Musik von Harmonia is the debut album from the influential German krautrock group Harmonia, released in January 1974 by Brain Records. Formed by the addition of Neu! guitarist Michael Rother to Cluster (the duo of Hans-Joachim Roedelius and Dieter Moebius), they recorded the album from June to November 1973 in Cluster's Forst recording studio. It was self-produced by the group using a primitive mixer and three tape recorders.

==Background==
In 1973, Cluster were living in the rural West German village of Forst when Neu! guitarist Michael Rother visited, hoping the duo would serve as a backing band for Neu! live performances. Upon jamming with Moebius and Roedelius, Rother claimed that "it was sort of a musical love at first sight, really [...] it was just something I hadn’t experienced before." He dropped his plans and remained in Forst to record with the duo as Harmonia. Rother would also bring some of his equipment, including Farfisa organs, a stereo mixer, and an Elka Drummer One rhythm machine.

The LP's pop art-styled sleeve artwork was designed by Moebius and resembles an advertisement for a cleaning fluid.

== Releases ==
It was first released on the Brain Records label in 1974. In 1979 the album was reissued by Brain under the name Dino with different artwork. There was an official CD release from German Polygram in 1992, which was deleted fairly quickly. 1994 saw the appearance of CDs on the Germanofon label. This dubious company, supposedly based in Luxembourg, released numerous Krautrock albums without proper authorization or paying royalties, in effect producing bootlegs that somehow found their way into mainstream distribution. The Germanofon CDs were transfers from vinyl LPs and generally were of inferior sound quality.

There were official Japanese releases (again from Polygram) in the late 1990s and early 2000s, but the next official Western CD release was not until 23 February 2004 on the Motor Music label, a subsidiary of the Universal Music Group (which had taken over from Polygram in the meanwhile). It was also reissued in 2005 by the Russian label Lilith, and by the Revisited Records label in 2007.

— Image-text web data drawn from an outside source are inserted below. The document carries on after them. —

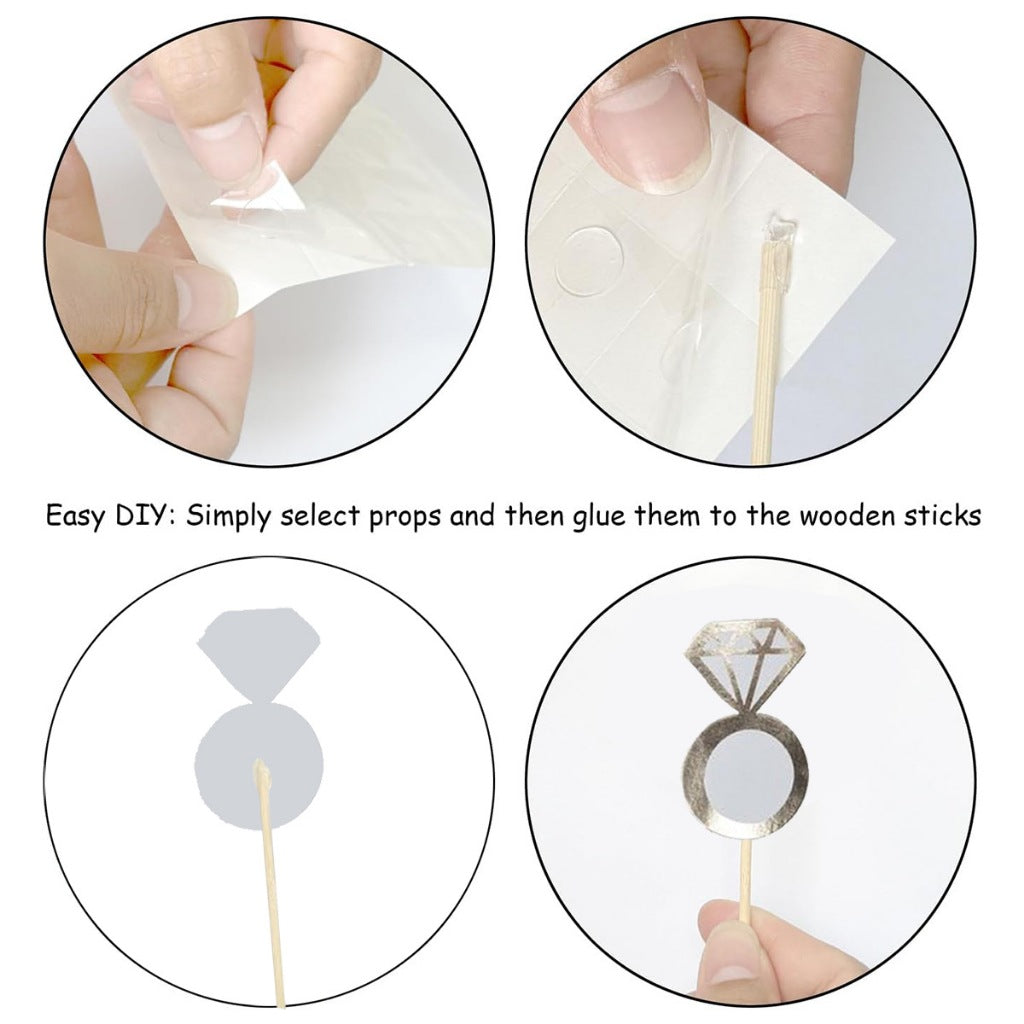 New Premium Gold Bride To Be Photo Props for Party Celebration Event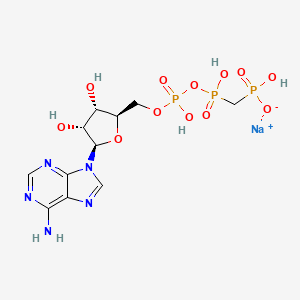 disodium;[[(2R,3S,4R,5R)-5-(6-aminopurin-9-yl)-3,4-dihydroxyoxolan-2-yl]methoxy-hydroxyphosphoryl]oxy-(phosphonatomethyl)phosphinic acid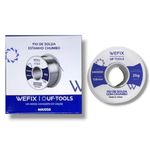 Fio de Solda Estanho Sn/Pb 0.8mm - 25 gramas Wefix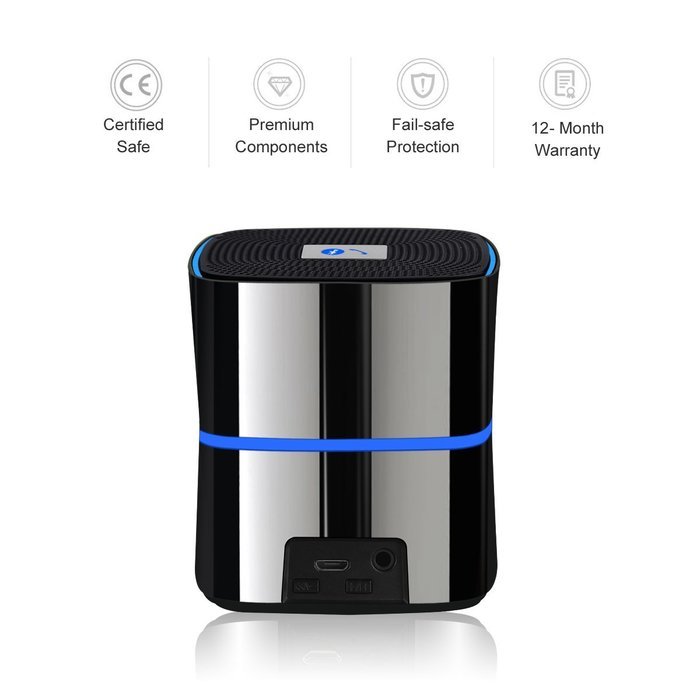 EC Technology 5W Portable Wireless Bluetooth Speaker, 8-12 Hour Playtime for iPhone/iPad and More N6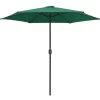 vidaXL Lawn & Garden* Outdoor Parasol With Aluminum Pole 106.3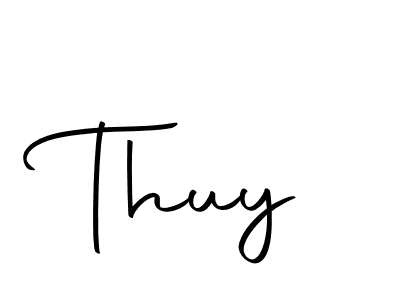 You should practise on your own different ways (Autography-DOLnW) to write your name (Thuy) in signature. don't let someone else do it for you. Thuy signature style 10 images and pictures png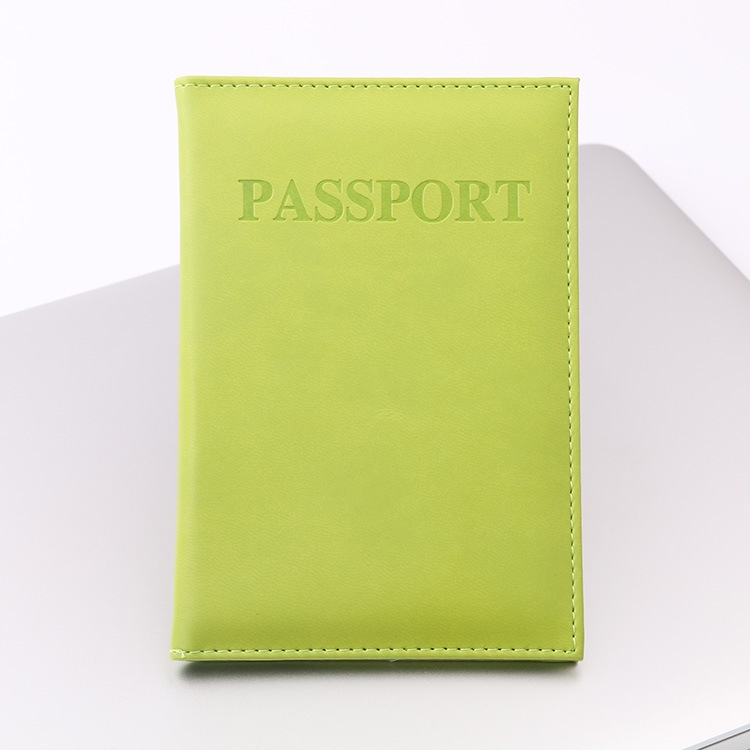 

Artificial Leather Travel Passport Cover(light green)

In October 2024 Musik von Harmonia was re-issued as a 50th Anniversary Edition by Groenland records. The cover has a green bottle instead of the original blue bottle. The release included reworks by different artists who were inspired by the album.

==Critical reception==

Ned Raggett's review for AllMusic opens: "The debut Harmonia album is at once a product of their source bands and a fine new twist on them, resulting in music that captures what for many is the Krautrock ideal..." He adds, "...it's at once playful and murky, steady and mechanical, a supergroup of sorts who easily achieves and maintains such a seemingly overstated status by embracing a variety of approaches that work wonders." Uncut named the album and its 1975 successor Deluxe as "among the best Krautrock had to offer, gentler than Can or Faust, but with their shimmering keyboards and mechanical rhythms, every bit as compelling.Artforum described the album as "a series of sonic vignettes in which the anarchic impulses of Kluster/Cluster were refined and channeled into controlled, Apollonian mechanics and repetitive electronic melodies with soft, synthetic textures."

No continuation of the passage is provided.